Task item: Restate word for word the lines below that run from the one holding "Consulenza Illuminotecnica per esterni" through the one holding "Pianosa ha un", inclusive. Pictures don't belong in the copy.

Input data:
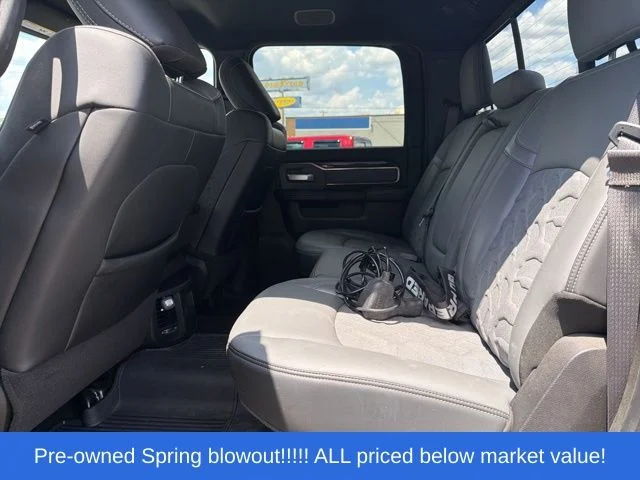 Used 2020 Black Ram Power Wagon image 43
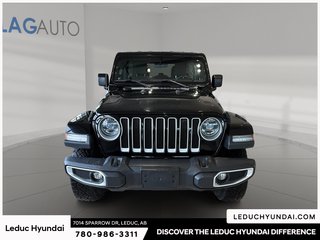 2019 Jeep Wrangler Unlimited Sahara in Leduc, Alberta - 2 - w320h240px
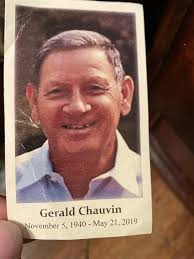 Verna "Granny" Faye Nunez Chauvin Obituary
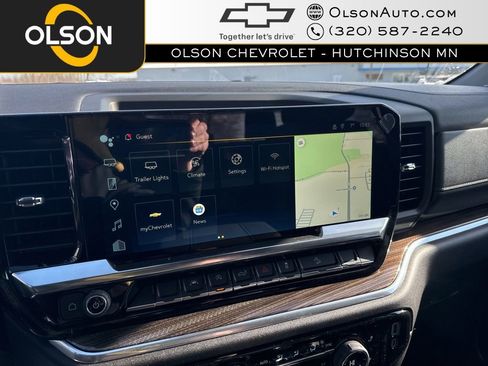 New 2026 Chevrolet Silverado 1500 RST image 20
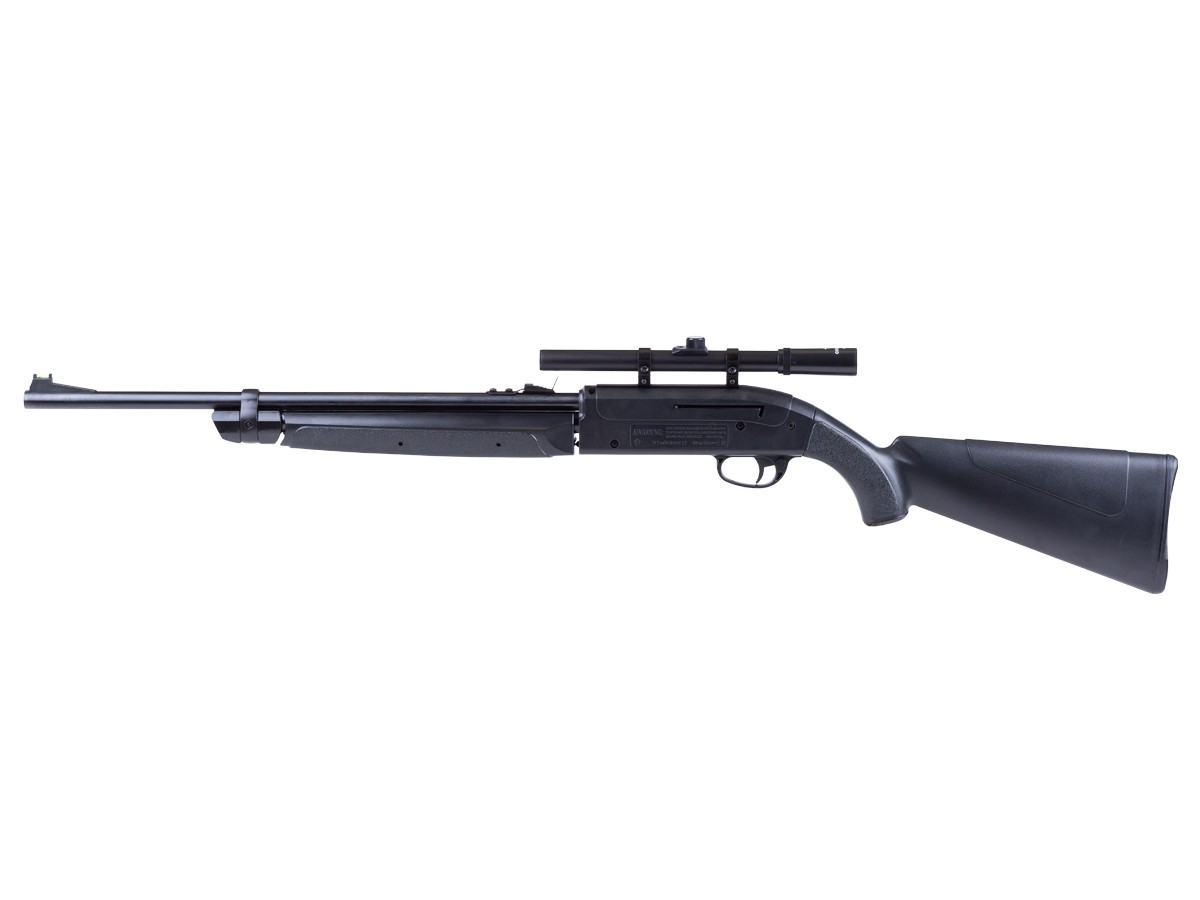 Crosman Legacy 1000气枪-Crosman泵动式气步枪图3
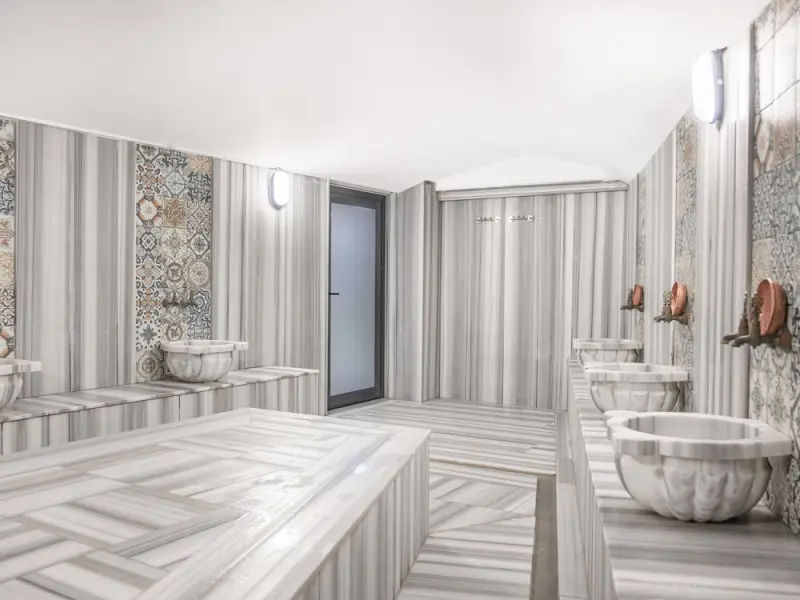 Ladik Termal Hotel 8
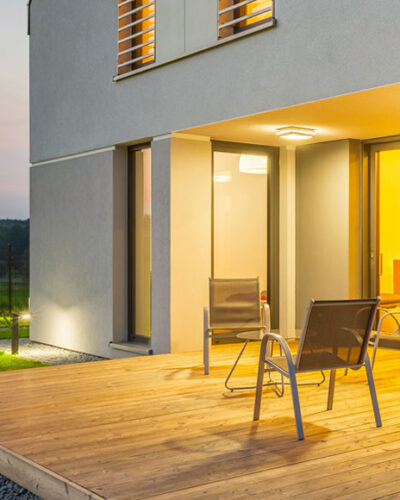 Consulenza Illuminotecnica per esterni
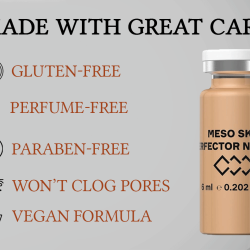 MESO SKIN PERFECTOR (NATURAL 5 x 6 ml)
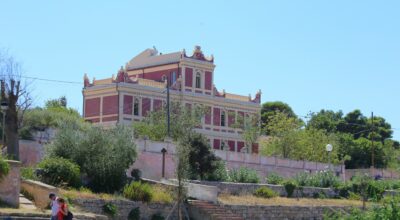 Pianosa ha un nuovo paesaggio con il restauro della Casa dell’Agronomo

--

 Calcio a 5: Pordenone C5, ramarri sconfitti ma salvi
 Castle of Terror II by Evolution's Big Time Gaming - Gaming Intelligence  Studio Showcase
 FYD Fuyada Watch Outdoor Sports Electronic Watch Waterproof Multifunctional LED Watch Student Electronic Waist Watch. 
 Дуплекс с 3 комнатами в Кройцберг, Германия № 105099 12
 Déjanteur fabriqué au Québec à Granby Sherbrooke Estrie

* * *

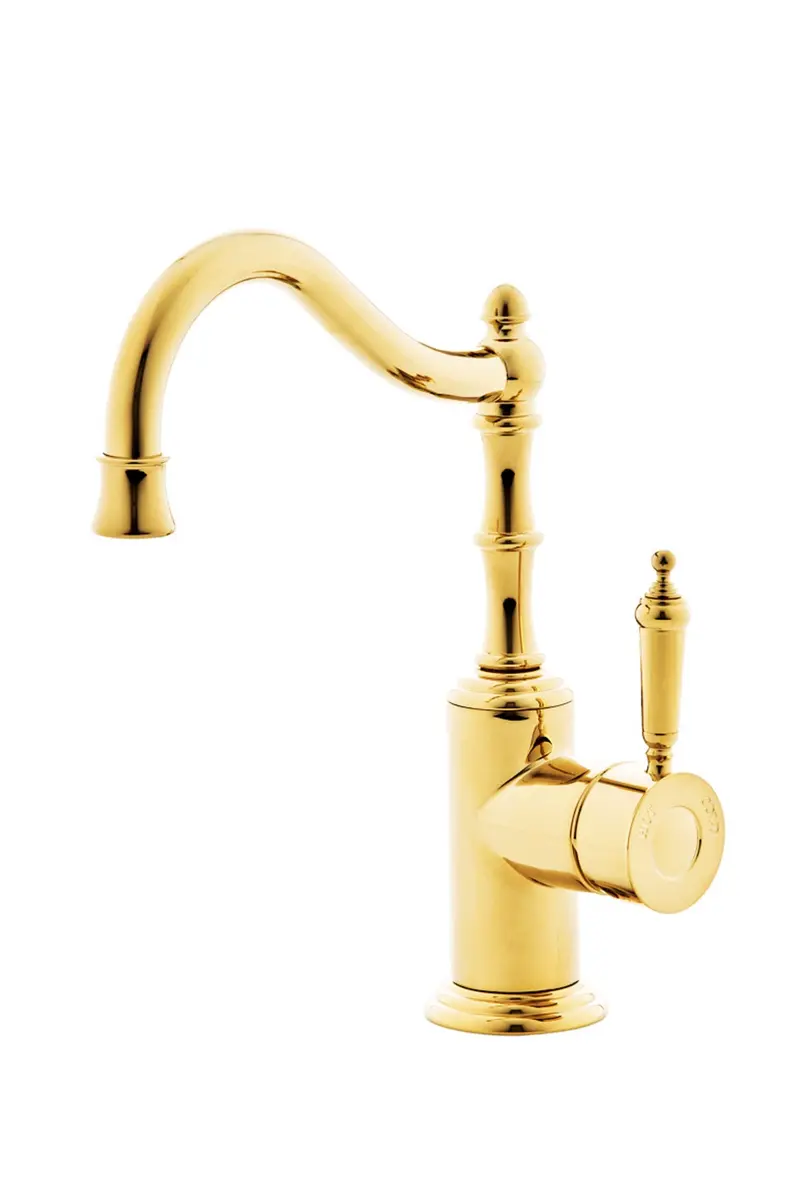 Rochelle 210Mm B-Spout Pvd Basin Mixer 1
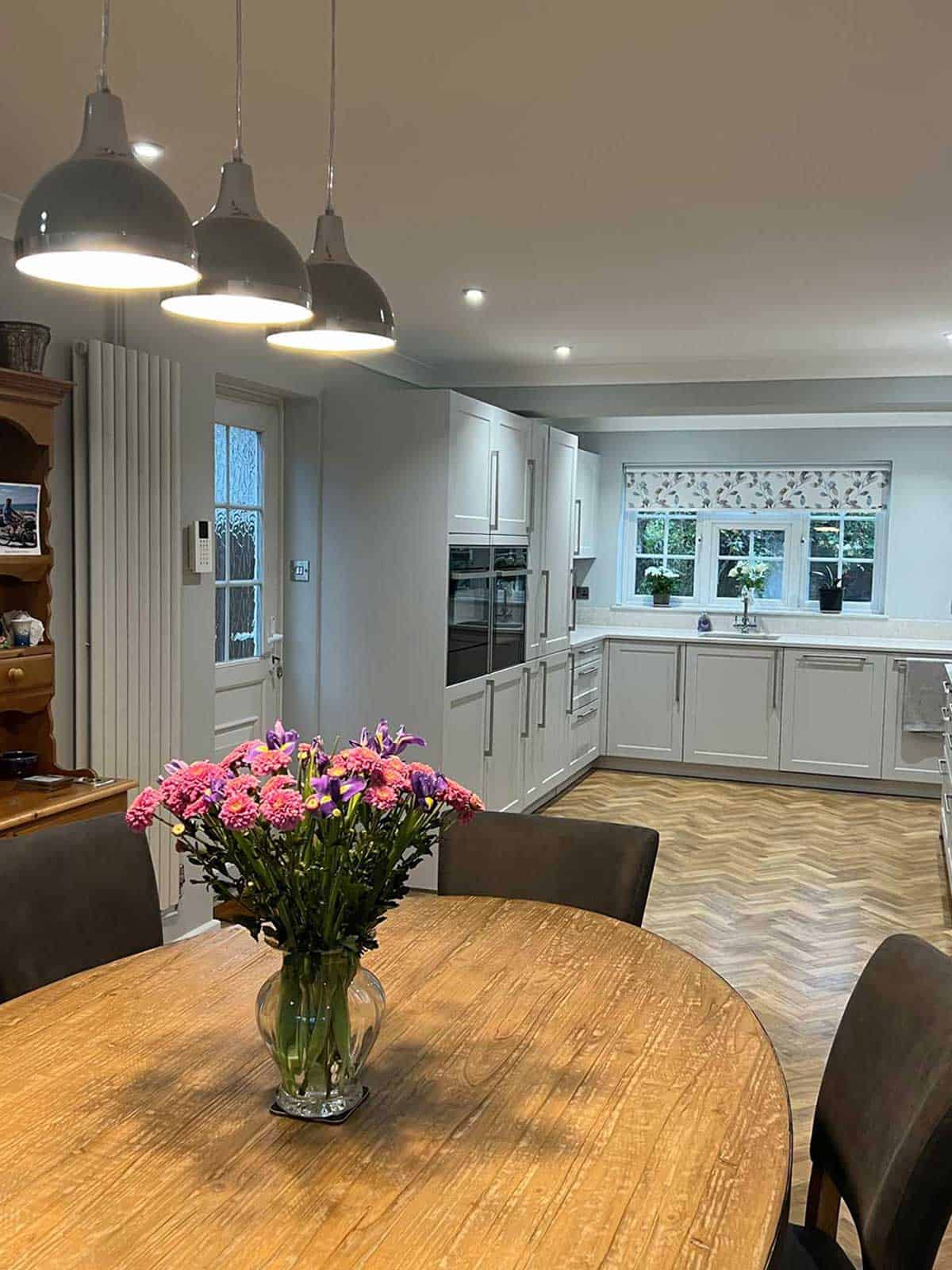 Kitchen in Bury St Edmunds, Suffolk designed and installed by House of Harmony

Written answer:
 Consulenza Illuminotecnica per esterni
 MESO SKIN PERFECTOR (NATURAL 5 x 6 ml)
 Pianosa ha un nuovo paesaggio con il restauro della Casa dell’Agronomo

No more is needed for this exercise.